Although the driving force behind clinical research is the betterment of patient care, there is a substantial risk that physicians take by encouraging their patients to enroll in clinical trials. It becomes an even greater risk when the physician is also the researcher.
The aforementioned duty is what can create a barrier to the enrollment of patients in randomized clinical trials (RCTs). On one hand, patients may receive treatment they would otherwise not have access to getting. On the other hand, they may be randomized into the placebo group, which may or may not stall their medical therapy for weeks, even months. Although the Food and Drug Administration and Institutional Review Boards have many committees and regulatory procedures in place to ensure the protection of patient rights, there is still a moral dilemma that arises when a patient is randomized into the placebo group.
Assessing Our Obligations To Patients
When enrolling patients in clinical trials, physicians have two obligations to patients.1 The first obligation is to recommend the treatment that is, in the physician’s professional judgment, the best choice for the patient. With clinical trials, the placebo or the standard of care is what the medical community believes to be the “superior” treatment. Although the active treatment group may also seem superior, these judgments are tentative and have no real substantial evidentiary basis.

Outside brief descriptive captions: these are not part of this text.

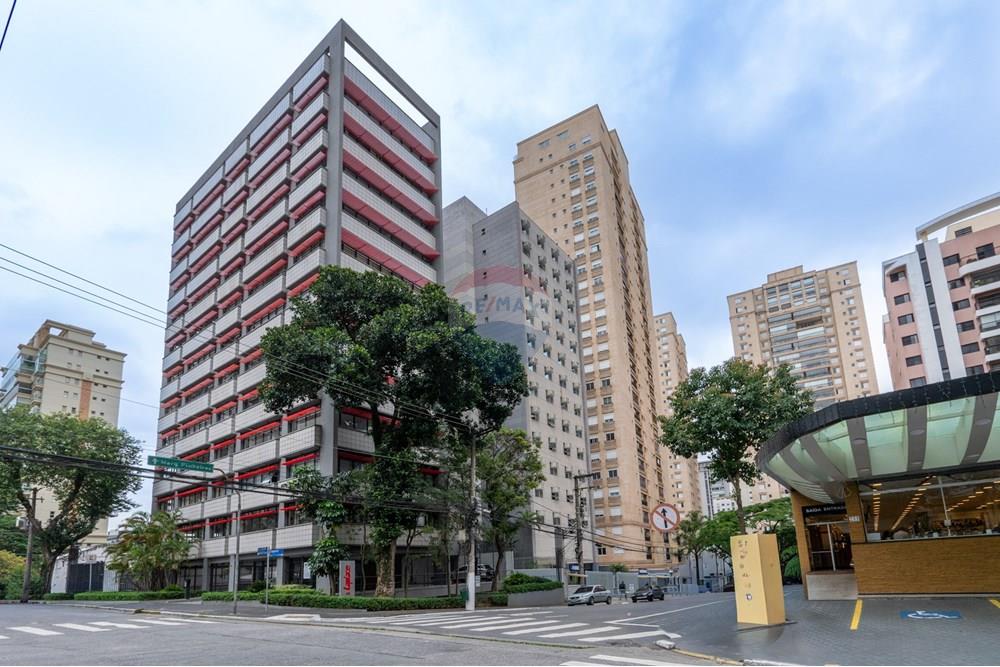 Cj. Comercial/ Sala - Venda - São Paulo , São Paulo - 01fotos_025.jpg - 601251039-80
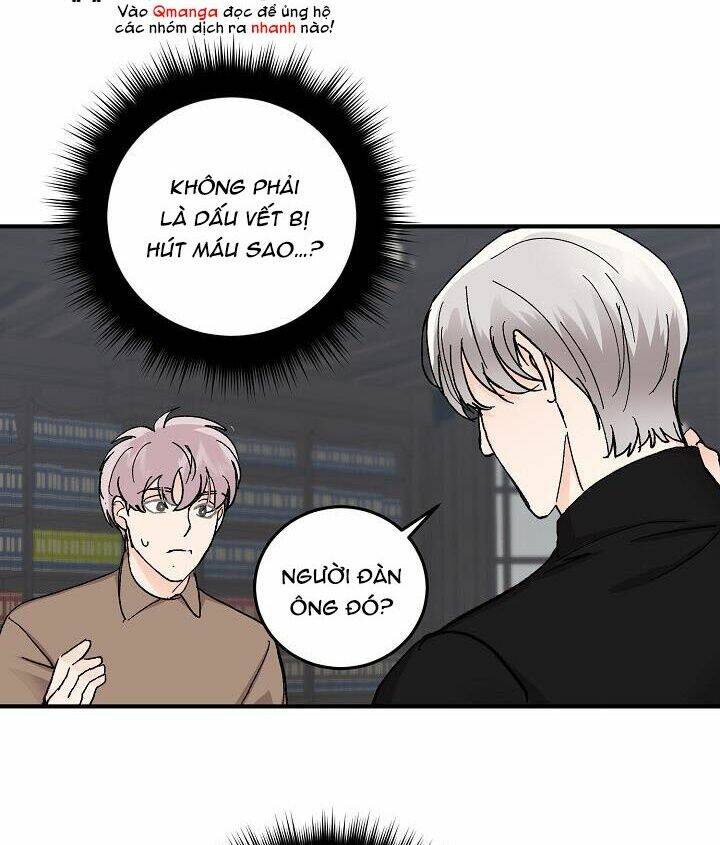 Kẻ Cắp Mặt Trăng: Chapter 52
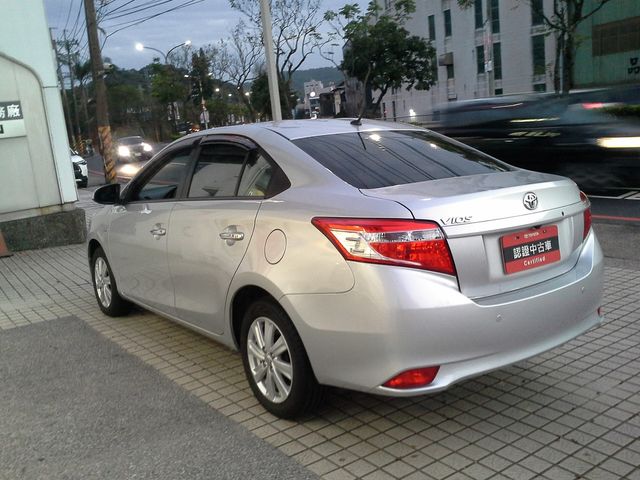VIOS 1.5  第6張相片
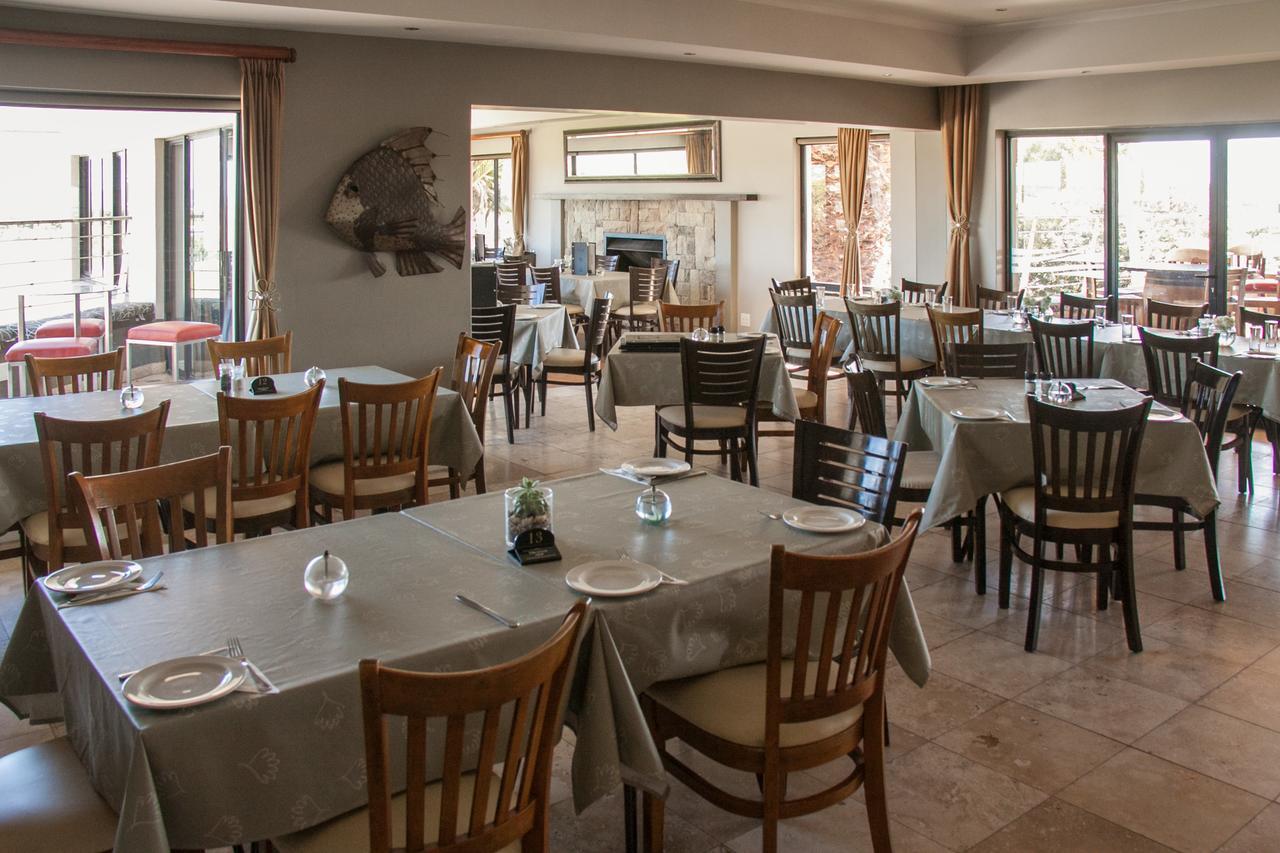 Langebaan Country Estate Apartman Kültér fotó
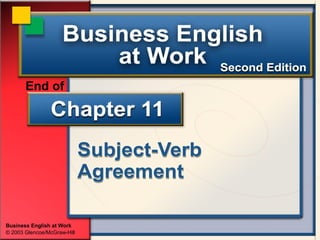 mcgraw hill english 11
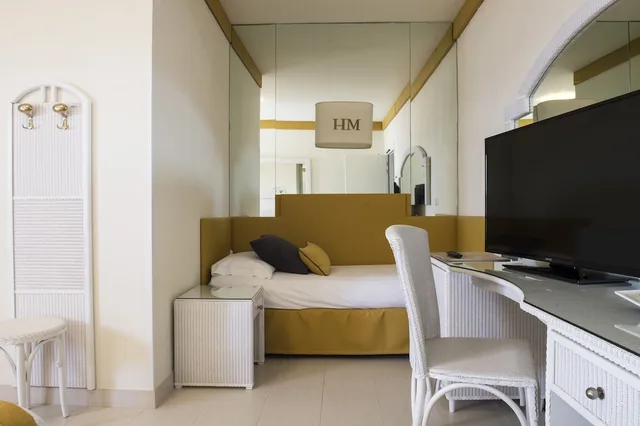 غرفة سوبيريور ثلاثية بسرير كوين وسرير فردي، PARK HOTEL MARACAIBO 5/5
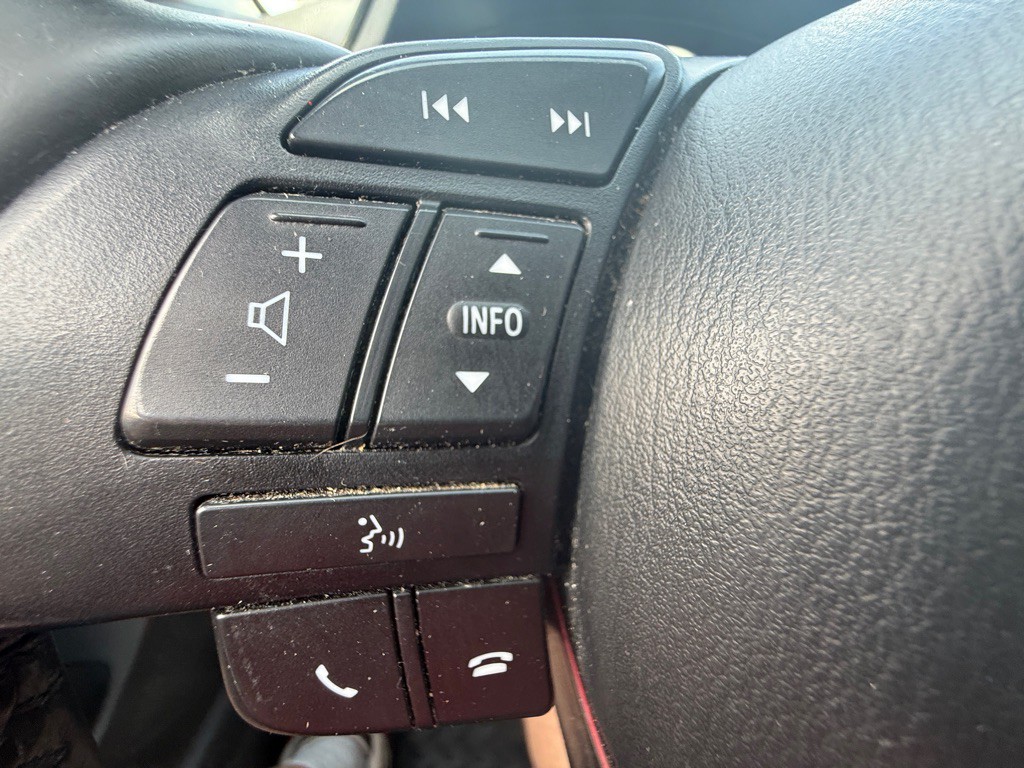 2014 Mazda Mazda6 Image 21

In current clinical research evaluating products for diabetic foot wounds, saline gauze or hydrogel is commonly used as the control even though many other products have been proven by well designed trials to be more effective.
Herein lies the physician’s dilemma: Is the fact that we are using a known inferior product as the placebo considered unethical?
In this example, however, these trials do offer an advantage to the placebo groups. Due to frequent return clinic visits, frequent debridement of the wounds occurs and this has been documented to increase the rate of wound healing.2 Although patients are receiving a product that is not the most optimal for the wound, the patient is still receiving focused care, which he or she may not be receiving otherwise if the patient was not involved in the trial.
The second obligation to patients is to obtain the patient’s informed consent. This is perhaps the saving grace for physicians involved in clinical research. Respect for a patient’s values is the core purpose behind the informed consent. The informed consent entails explicit explanation of: the goals of research; potential risks and benefits; reasonable alternatives to the recommended treatment; and the right to withdraw from the trial at any time.3 It is the responsibility of the researcher to educate the patients objectively and make them understand that involvement in the research may or may not be of personal therapeutic benefit.
Ultimately, the impetus should be in the patients’ hands. Patients themselves may place a greater value on participation in a study, which will contribute to medical progress and to the well being of patients in the future.